Mitten im Zentrum befindet sich das Stikliai-Hotel, ein lohnenswertes kleines, charmantes Haus mit barocken und gotischen Elementen. „Stikliai“ bedeutet Glasbläser, denn das Hotel befindet sich in einem Viertel, in dem sich zwischen dem 17. und 19. Jahrhundert die Glasbläser-Werkstätten befanden. Raffinierte Gerichte des Küchenchefs vom Relais & Châteaux ermöglichen in dem renommierten Feinschmecker-Restaurant, das über die Grenzen des Baltikums als Botschafter des guten Geschmacks gilt, einmalige kulinarische Erlebnisse. Der Charme des Hauses spiegelt sich in dem gelungenen Menü. Zum Auftakt mundet der Spargel in drei Variationen mit Pastinaken-Creme, dann Ravioli gefüllt mit Gänseleber im Kürbissüppchen, abgerundet mit Honig-und Limonencreme, Kaffee-Öl und Kürbiskernen. Zart und wohlschmeckend ist der Wolfsbarsch mit Zitronen-Estragonsauce, geschmorten Erbsen und blauen Kartoffelchips gelungen. Äußerst schmackhaft ist das Lamm in zartem Blätterteigmantel, Kokosnusskarotten an süßer Zwiebelcreme. Das Dessert belohnt mit dem angenehmen Frischegeschmack der Fruchtsuppe mit Passionsfrucht, Mango, Tapioca und Kokosnuss.

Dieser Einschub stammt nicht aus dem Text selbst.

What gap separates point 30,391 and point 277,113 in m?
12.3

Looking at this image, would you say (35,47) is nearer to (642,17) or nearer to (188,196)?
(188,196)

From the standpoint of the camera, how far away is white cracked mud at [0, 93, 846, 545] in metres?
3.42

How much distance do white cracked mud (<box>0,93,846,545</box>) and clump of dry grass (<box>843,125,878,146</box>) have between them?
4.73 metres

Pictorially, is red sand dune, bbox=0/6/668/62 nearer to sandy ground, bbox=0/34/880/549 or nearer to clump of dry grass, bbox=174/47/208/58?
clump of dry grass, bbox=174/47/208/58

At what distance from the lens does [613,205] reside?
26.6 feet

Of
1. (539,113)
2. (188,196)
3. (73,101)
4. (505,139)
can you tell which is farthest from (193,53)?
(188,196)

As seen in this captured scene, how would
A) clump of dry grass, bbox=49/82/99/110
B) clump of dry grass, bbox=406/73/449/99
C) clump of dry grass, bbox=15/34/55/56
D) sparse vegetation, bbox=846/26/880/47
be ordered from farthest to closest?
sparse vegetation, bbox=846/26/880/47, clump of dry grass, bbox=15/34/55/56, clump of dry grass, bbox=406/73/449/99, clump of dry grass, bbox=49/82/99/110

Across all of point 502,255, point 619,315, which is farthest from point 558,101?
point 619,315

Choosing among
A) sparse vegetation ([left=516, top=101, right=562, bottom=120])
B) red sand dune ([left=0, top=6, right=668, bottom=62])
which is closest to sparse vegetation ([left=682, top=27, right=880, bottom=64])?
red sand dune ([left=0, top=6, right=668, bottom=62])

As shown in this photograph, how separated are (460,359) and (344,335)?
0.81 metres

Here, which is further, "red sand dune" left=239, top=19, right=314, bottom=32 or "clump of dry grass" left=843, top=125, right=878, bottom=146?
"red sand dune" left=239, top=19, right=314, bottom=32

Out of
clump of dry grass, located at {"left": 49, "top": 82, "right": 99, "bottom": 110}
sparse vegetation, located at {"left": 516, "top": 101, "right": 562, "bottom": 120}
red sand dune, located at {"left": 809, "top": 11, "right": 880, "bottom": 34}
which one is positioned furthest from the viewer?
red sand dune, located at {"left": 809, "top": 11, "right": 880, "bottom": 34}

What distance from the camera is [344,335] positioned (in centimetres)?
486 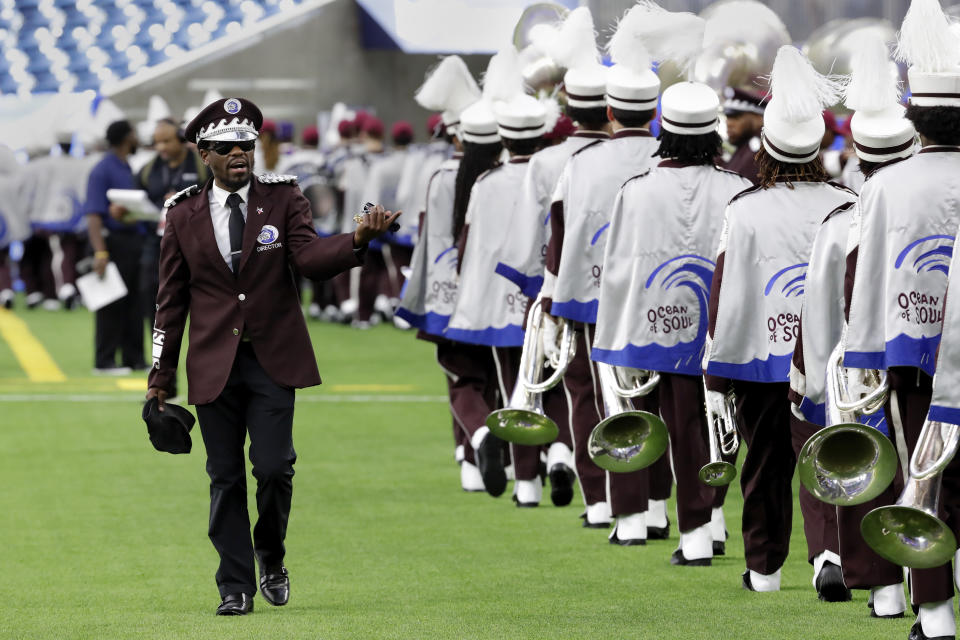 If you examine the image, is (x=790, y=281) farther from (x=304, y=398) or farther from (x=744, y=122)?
(x=304, y=398)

Bistro 18 – hinter dem Namen steckt die langjährige Beziehung einer Irin und einem Litauer. Ein Restaurant mit moderner, leichter und kreativer Küche. Der Service ist freundlich und aufmerksam. Reservierung ist unbedingt angebracht. Nicht nur Touristen sondern auch Einheimische, darunter viele Stammkunden, besuchen dieses Restaurant. „Wir kochen hier, was wir selbst gerne essen“, erklärt Anne Jennings Taučienė, die das Restaurant zusammen mit ihrem Mann und Koch Saulius betreibt. In dem Gebäude aus der Barockzeit wird im europäisch, klassischen Stil mit modern interpretierten Einflüssen aus Litauen gekocht. Die Kostproben zu denen Königskrabben mit Salat, warmer Ziegenfrischkäse unter einer Nusshaube oder Kabeljau an Weißkohl mit Olivenöl und frischem, knackigem Gemüse gehören, überzeugen durch ihre hochwertige Qualität und hervorragende Geschmackskombinationen.

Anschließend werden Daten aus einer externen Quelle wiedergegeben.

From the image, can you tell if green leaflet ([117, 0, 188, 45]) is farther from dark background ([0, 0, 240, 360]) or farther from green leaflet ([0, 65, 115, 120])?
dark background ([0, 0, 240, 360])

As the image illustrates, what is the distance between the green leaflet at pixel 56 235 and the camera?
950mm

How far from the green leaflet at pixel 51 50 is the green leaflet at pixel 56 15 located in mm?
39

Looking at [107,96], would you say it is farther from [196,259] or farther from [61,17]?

„Ich freue mich heute schon wieder auf unseren nächstjährigen Aufenthalt in Nidden. Der eigenartige Charakter dieses Landstriches hat nichts Einschmeichelndes, er ist nicht schön im konzilianten Sinne, aber er kann einem ans Herz wachsen, davon kann ich ein Lied singen und habe es heute versucht“, lauten die treffenden Worte von Thomas Mann in seinem Werk „Mein Sommerhaus“. Einige Monate, bevor der Schriftsteller 1929 den Literaturnobelpreis erhielt, kam er von Ostpreußen mit dem Dampfer nach Nidden. Er gehört zu den größten Berühmtheiten, die die Kurische Nehrung für sich entdeckten. Die berühmte Sommerfrische gehörte schon damals zu Litauen und war ihm empfohlen worden. Beeindruckt von den riesigen Dünen zwischen Kurischem Haff und Meer beschloss die Familie, sich hier ein Sommerhaus zu bauen, wo sie von 1930 bis 1932 die letzten unbeschwerten Sommer verbrachte. Heute ist es ein kleines Museum mit vielen Zeitdokumenten und Beispielen der damaligen Lebensart.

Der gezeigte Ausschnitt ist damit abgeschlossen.